Our colleagues at the Wildlife Trust manage most of our early years education but the Rangers still get involved in Special Education (for those who need extra attention) and Further Education for university and college students up to PhD level. In the past we have had a PhD student from UEA to study nightingales and several MScs from Reading who looked at invertebrates and small mammals.
Last year we hosted an MSc student from Cranfield University who mapped the hydrology of the pits that are still in the quarry but will eventually come into the extension. Just this week, Ray Matthews and I welcomed more MSc students from Cranfield who wanted to look at how you might measure success in restoration projects.

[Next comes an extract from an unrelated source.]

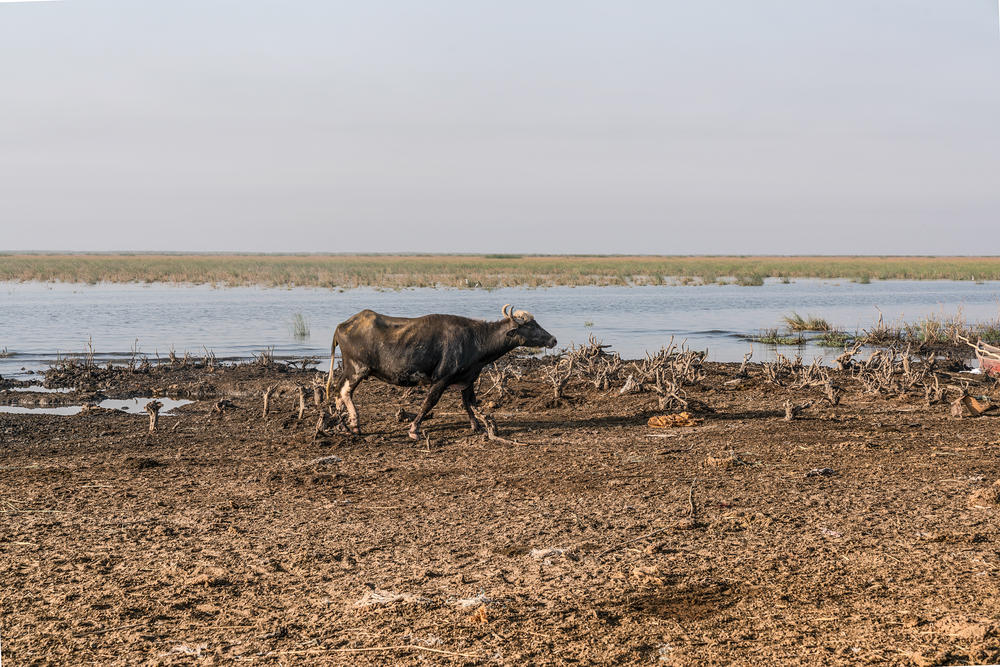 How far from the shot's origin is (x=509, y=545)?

On the surface, this sounds like a really simple question! Answer: If the site is better than before you intervened, success! But the students were keen to find out how we arrived at targets for restoration. They asked us what would happen if we just let everything grow and let nature take its course. This would be a more sustainable approach surely? I guessed that it would be the right approach if we had a whole county to play with but with small reserves we have to select which habitats we want to preserve, or even create.
In the UK we have had about 7,000 years of man's interference in the landscape. Settlers introduced animals, plants, farms, towns, motorways, drive-ins and bowling alleys so that today, the only "natural" site that I know of is Wistman's Wood in Devon. Here the stunted and wind-planed trees grow in a rocky outcrop that has always prevented grazing animals from modifying the habitat.
For our examples of restoration, we looked at two areas that had been quarried but restored in entirely different ways.
1. The meadow by the visitors' centre looks like a "proper" bit of rural Cambridgeshire. It is now a classic hay meadow, but you have to remember that the whole thing is now 6 feet lower than it was because of gravel extraction. At the wet edges we constantly have to fight back encroachment by willows and we have to cut the hay and have it grazed by cattle every year. The measure of our success is the fact that people do not realise that we made the meadow. They think that all the orchids, flowers and butterflies we have there just happened.
2. The woods along the Haul Road (including Rory's Wood) have grown tall and the lower levels have been shaded out so that there is no understory. By felling trees selectively, we have let the light in and created a jumble of rotting logs that are rich in fungi and invertebrates. We will measure our success there by counting the lost birds that re-colonise the wood. In Rory's Wood, for example, we have seen nightingales and turtle doves return, as well as more common birds like willow warblers.
We were asked some really interesting questions about how people use the area and about how our work might increase the utility of the area for people. The examples I could think of were gathering black-berries and wild strawberries, and fungi. We do not provide firewood because we prefer to see the wood rot where it stands. Another question asked if the site was used by religious groups or if we had spots of cultural significance such as sacred groves, standing stones, old chapels etc. I wish we had!
Both Ray and I have teaching backgrounds (I was a primary school teacher and he was a University Professor) and we still get a kick out of teaching. It's a rewarding thing to do and quite an honour, in my view. The students often challenge my opinions and prejudices and make me stand outside myself. That can't be a bad thing.
Thanks to Dr Jenny Mant for bringing her students to visit us. Let's do it again next year.
Meanwhile, it would be nice if more students chose some aspect of the Reserve for their final thesis. There's so much more that we need to know about how nature works.